● Exercise materials:
= = = = =

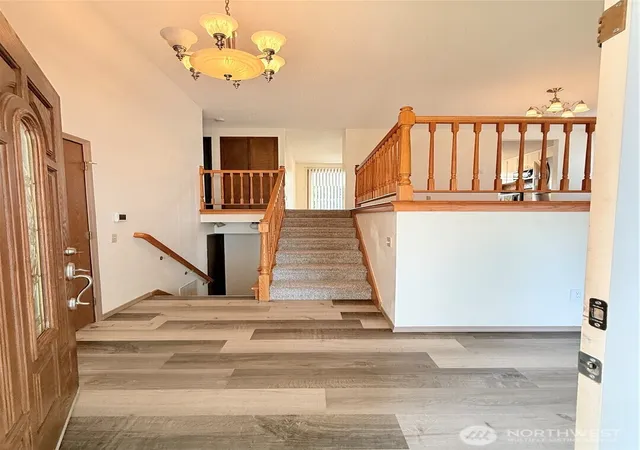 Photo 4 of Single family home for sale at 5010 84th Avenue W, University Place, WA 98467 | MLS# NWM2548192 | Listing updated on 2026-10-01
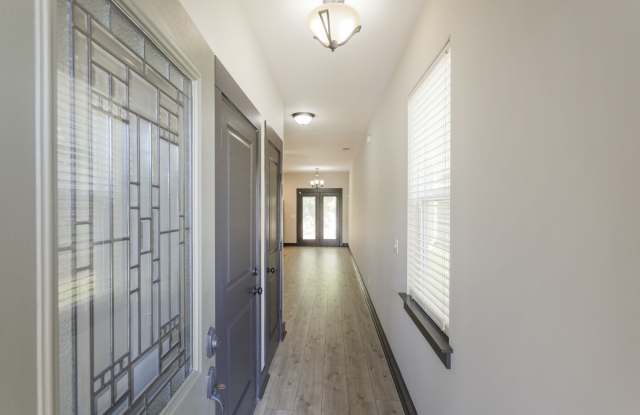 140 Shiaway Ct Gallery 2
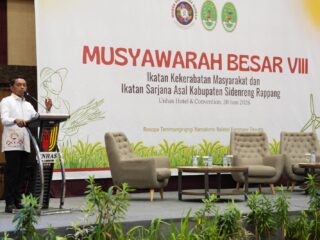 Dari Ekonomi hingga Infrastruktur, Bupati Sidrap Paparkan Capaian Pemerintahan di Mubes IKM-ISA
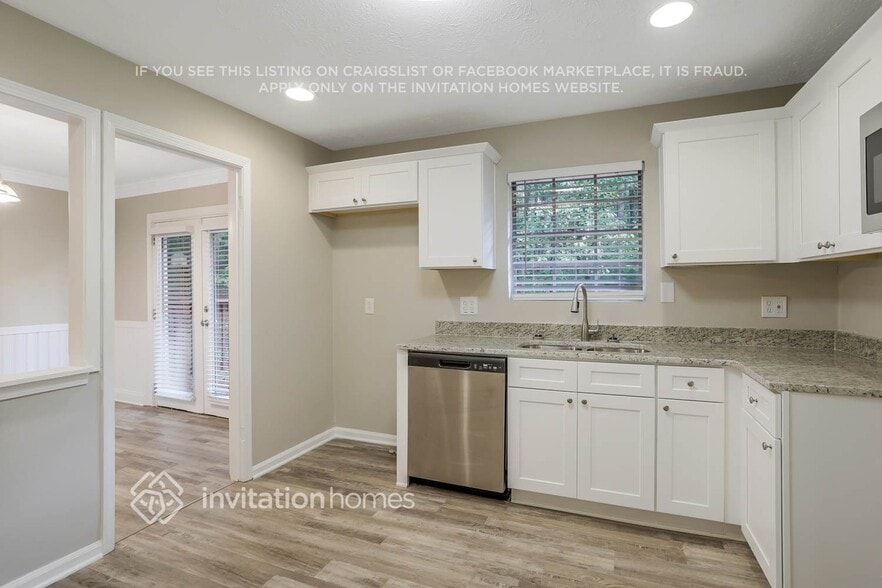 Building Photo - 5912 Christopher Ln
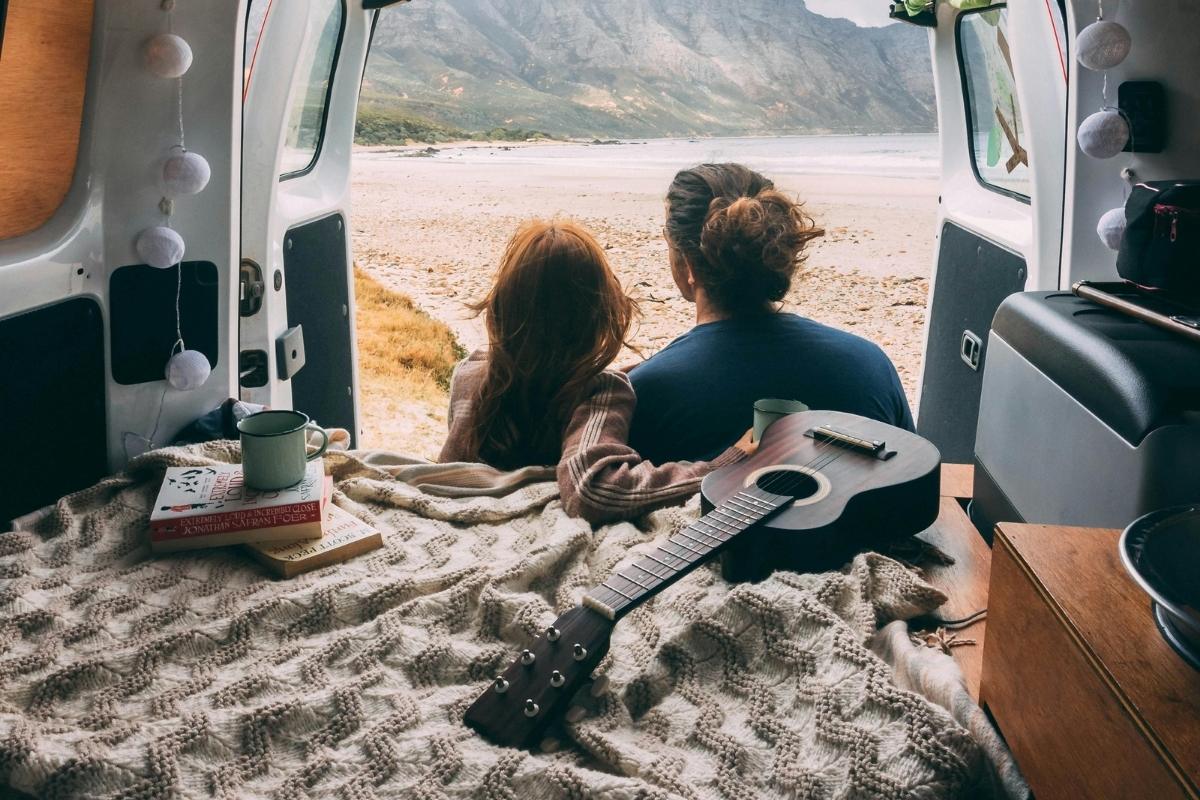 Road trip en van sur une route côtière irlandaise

= = = = =

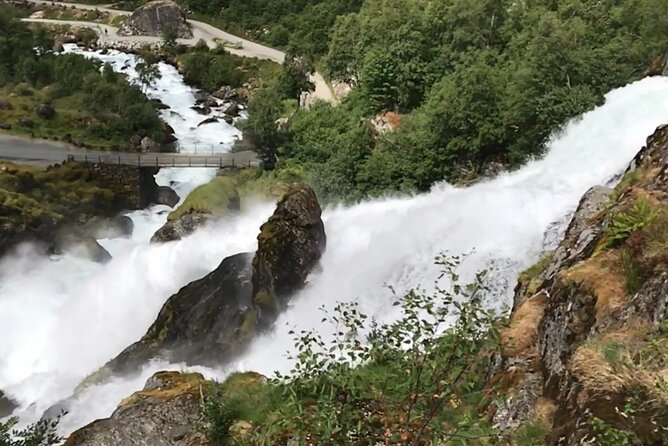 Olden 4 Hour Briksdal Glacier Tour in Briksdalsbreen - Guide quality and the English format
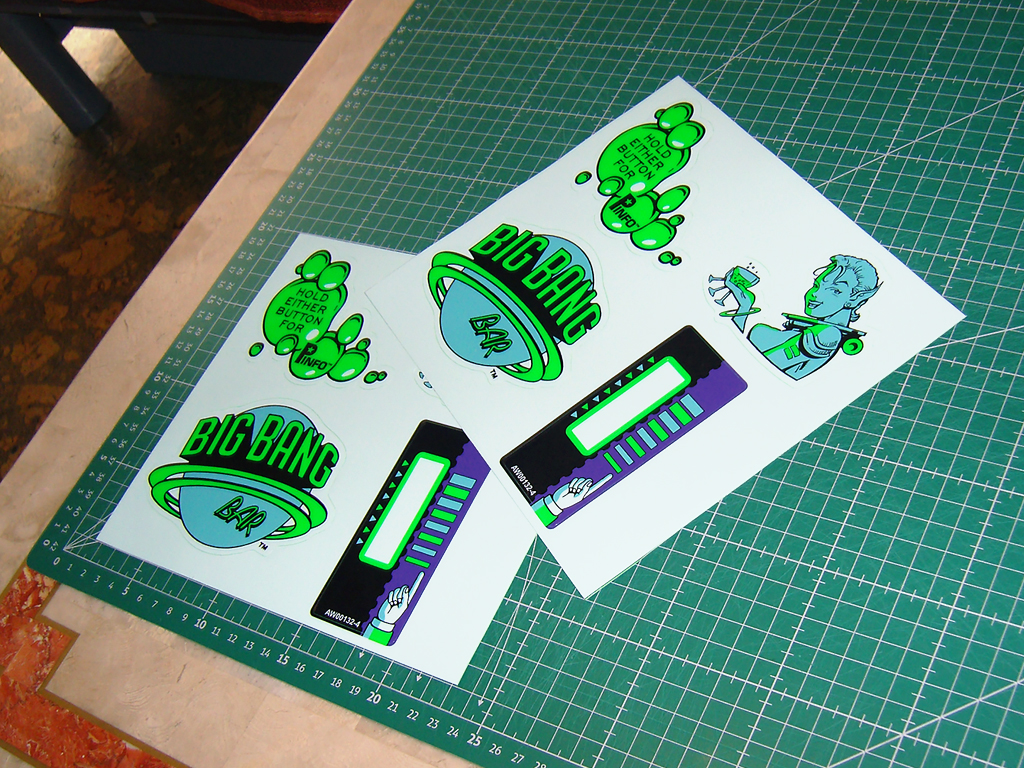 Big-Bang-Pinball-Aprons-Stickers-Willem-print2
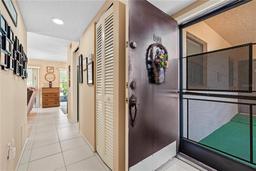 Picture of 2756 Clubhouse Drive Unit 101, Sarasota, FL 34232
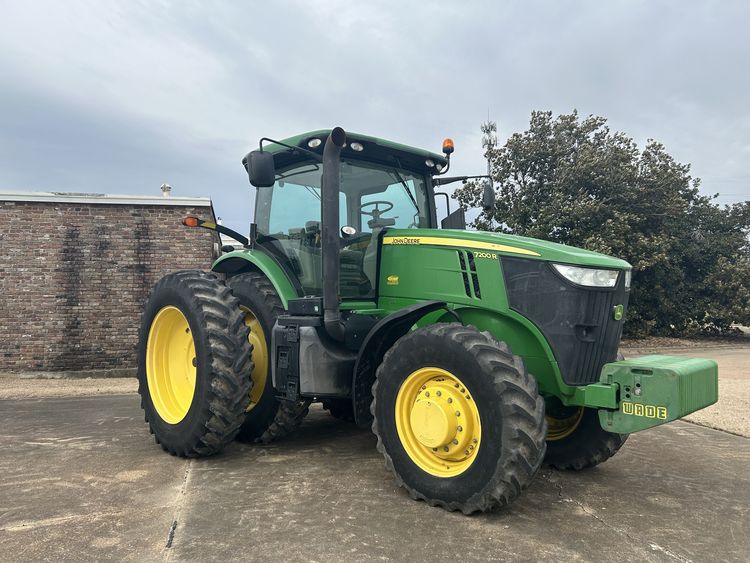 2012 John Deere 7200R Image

= = = = =

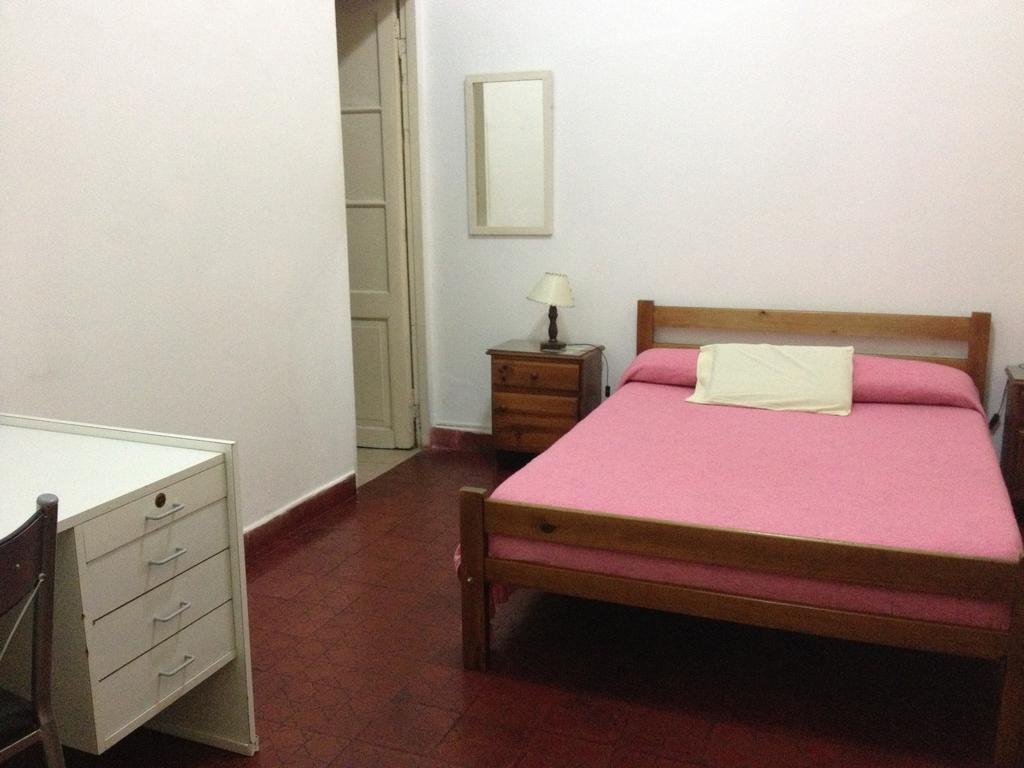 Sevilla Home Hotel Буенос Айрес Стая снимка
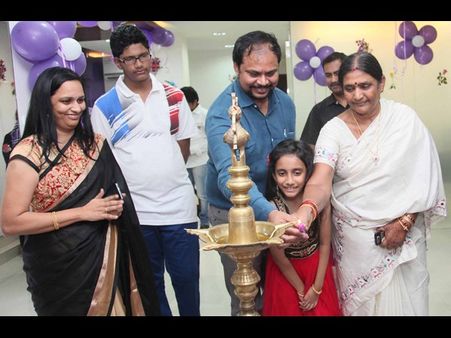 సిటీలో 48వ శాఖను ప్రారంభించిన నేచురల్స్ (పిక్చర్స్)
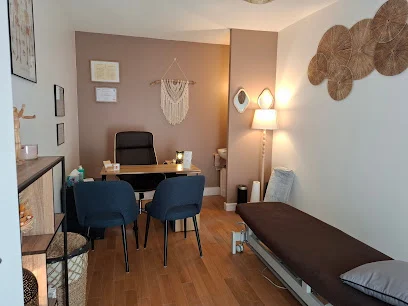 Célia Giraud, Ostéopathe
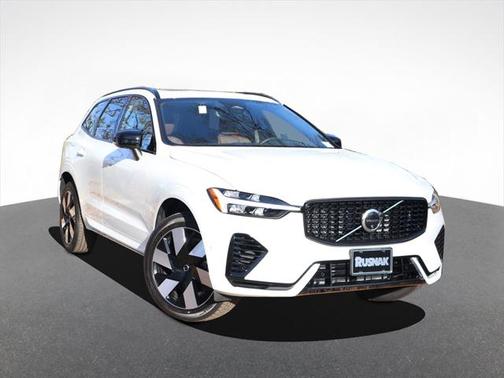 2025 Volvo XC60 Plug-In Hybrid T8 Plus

= = = = =

● Problem to work on: Only the lines of the listing above from the one with "Photo 4 of Single" through the one with "Road trip en" should be output, exactly, with both ends kept and pictures left out.

● Task output:
 Photo 4 of Single family home for sale at 5010 84th Avenue W, University Place, WA 98467 | MLS# NWM2548192 | Listing updated on 2026-10-01
 140 Shiaway Ct Gallery 2
 Dari Ekonomi hingga Infrastruktur, Bupati Sidrap Paparkan Capaian Pemerintahan di Mubes IKM-ISA
 Building Photo - 5912 Christopher Ln
 Road trip en van sur une route côtière irlandaise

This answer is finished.